### WHAT YOU NEED TO DO
Restate each of the lines below word for word and drop every picture.
-- -- --
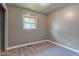 Small, cozy bedroom with gray walls and carpet, and natural light from one window at 3513 Ireland Dr, Indianapolis, IN 46235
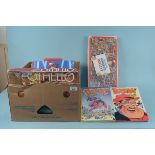 A box of mixed vintage games, jigsaws,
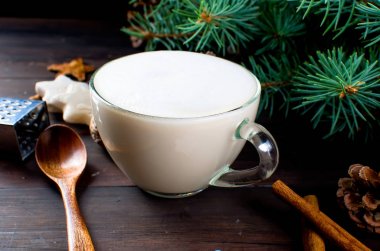 Fincan sıcak kahve latte, tarçın, kurabiye ve çam dalları. 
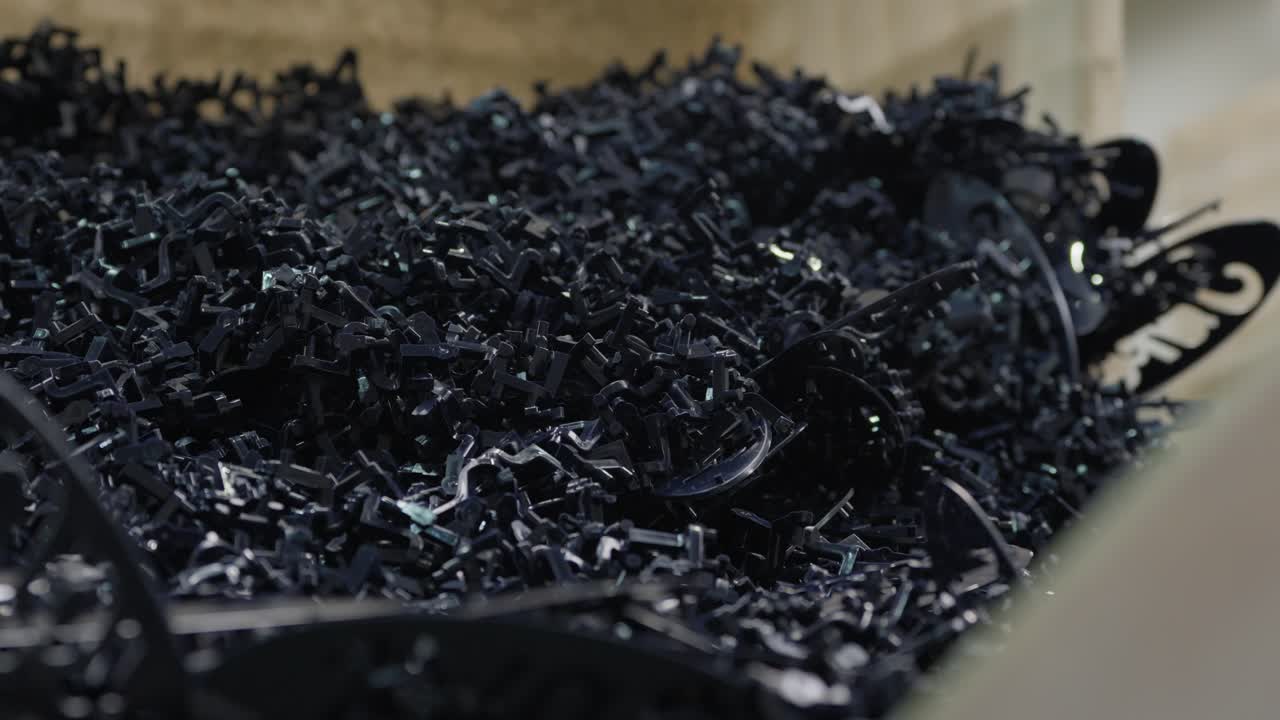 Heap of shredded black rigid plastic fragments and curled strips piled in recycling facility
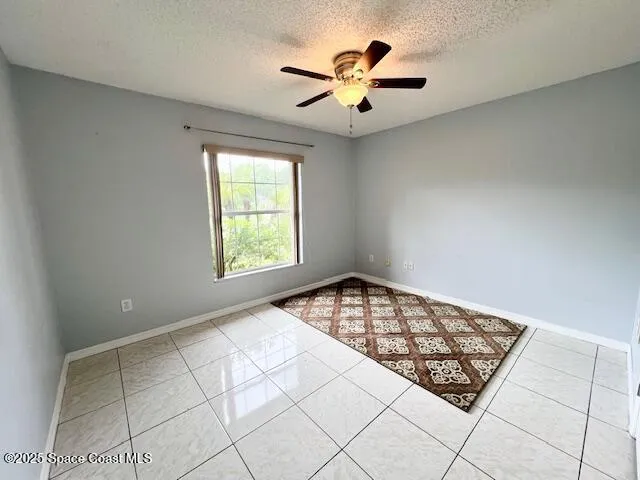 an empty room with windows and ceiling fan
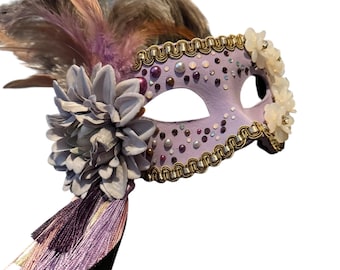 May include: A lavender masquerade mask with gold trim, adorned with pearls, rhinestones, and a large gray flower. The mask features a tassel and is embellished with feathers in shades of gray, pink, and purple.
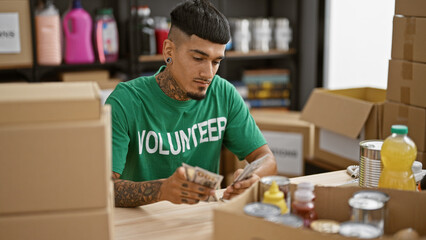 Young handsome tattooed latin man counting donation dollars as a volunteer at a charity center, portraying altruism in his community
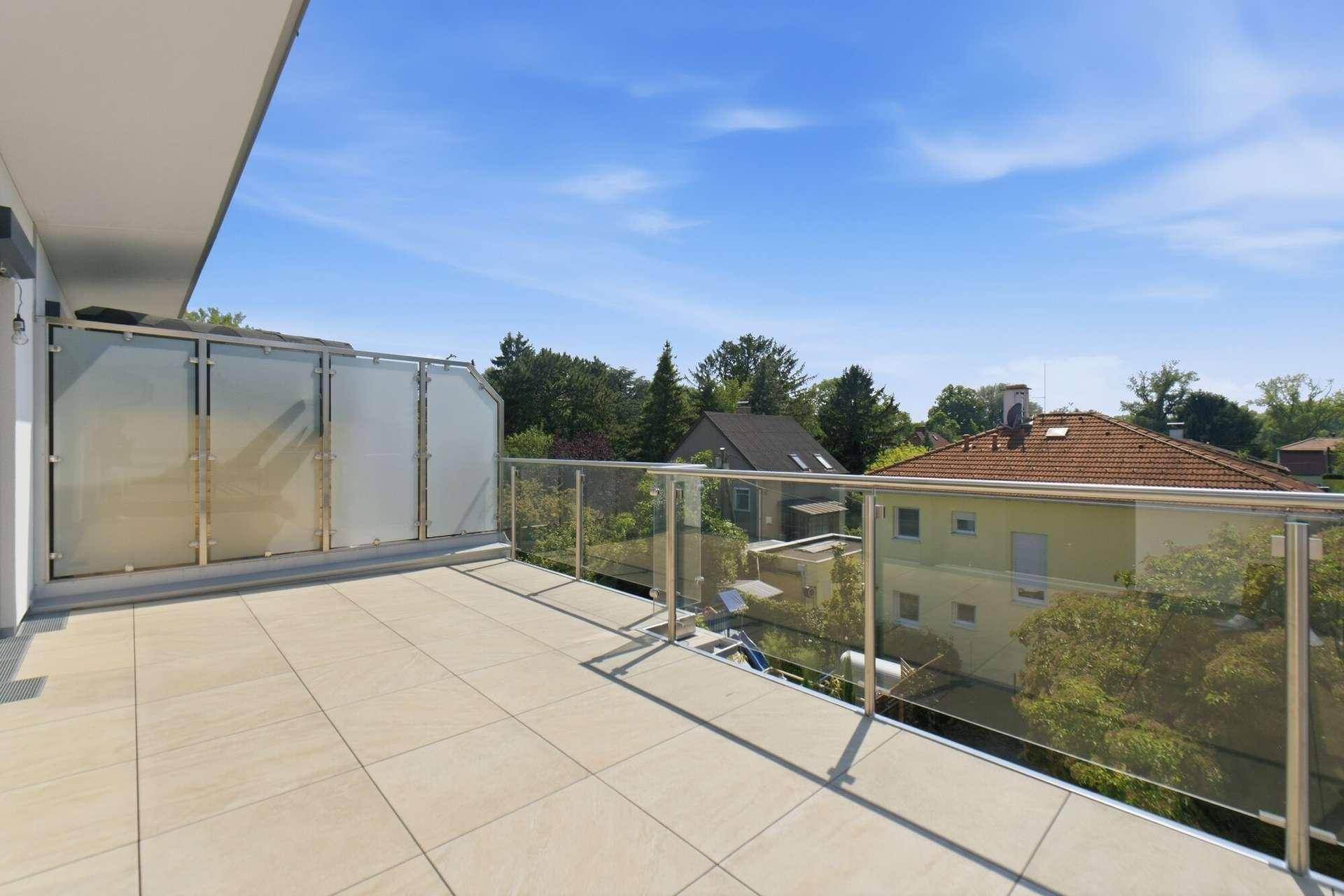 Helle Terrasse mit Fliesenboden, Glasgeländer und Blick auf die umliegende Nachbarschaft.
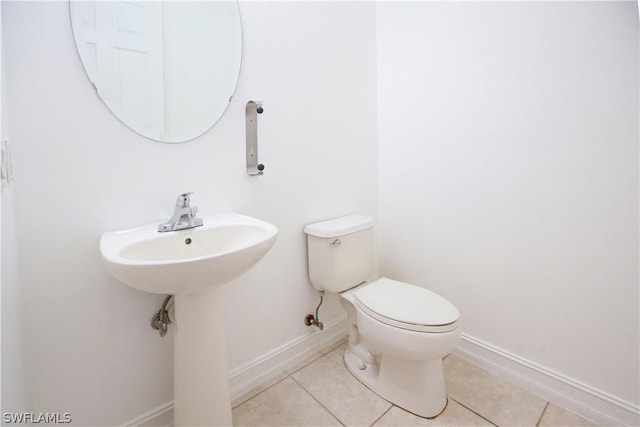 bathroom with tile patterned floors and toilet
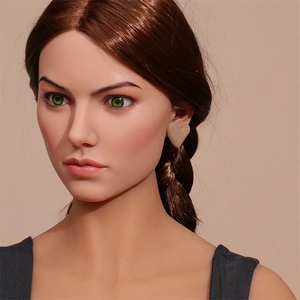 Close-up of heart-shaped flocked earrings in khaki worn on ear for style display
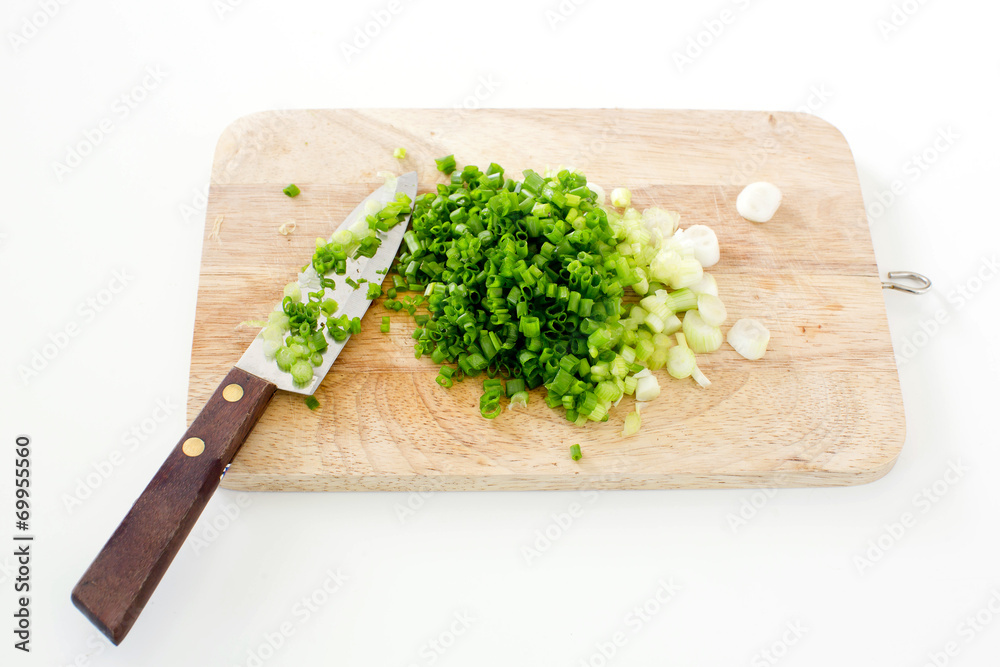 Spring onion on a cutting board with knife Spring onion on a cutting board with knife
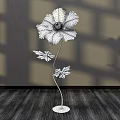 Floral Art Installation Featuring Blue Flower Metal Stem Decorative Leaves Shadow Effect On Wooden Floor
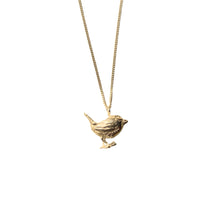A gold bird necklace on a white background.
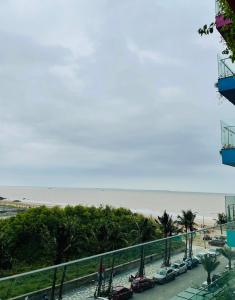a view of the beach from the balcony of a building at Hải Tiến Be Home in Hoằng Hóa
-- -- --
### RESPONSE TO THE EXERCISE
 Small, cozy bedroom with gray walls and carpet, and natural light from one window at 3513 Ireland Dr, Indianapolis, IN 46235
 A box of mixed vintage games, jigsaws,
 Fincan sıcak kahve latte, tarçın, kurabiye ve çam dalları. 
 Heap of shredded black rigid plastic fragments and curled strips piled in recycling facility
 an empty room with windows and ceiling fan
 May include: A lavender masquerade mask with gold trim, adorned with pearls, rhinestones, and a large gray flower. The mask features a tassel and is embellished with feathers in shades of gray, pink, and purple.
 Young handsome tattooed latin man counting donation dollars as a volunteer at a charity center, portraying altruism in his community
 Helle Terrasse mit Fliesenboden, Glasgeländer und Blick auf die umliegende Nachbarschaft.
 bathroom with tile patterned floors and toilet
 Close-up of heart-shaped flocked earrings in khaki worn on ear for style display
 Spring onion on a cutting board with knife Spring onion on a cutting board with knife
 Floral Art Installation Featuring Blue Flower Metal Stem Decorative Leaves Shadow Effect On Wooden Floor
A gold bird necklace on a white background.
a view of the beach from the balcony of a building at Hải Tiến Be Home in Hoằng Hóa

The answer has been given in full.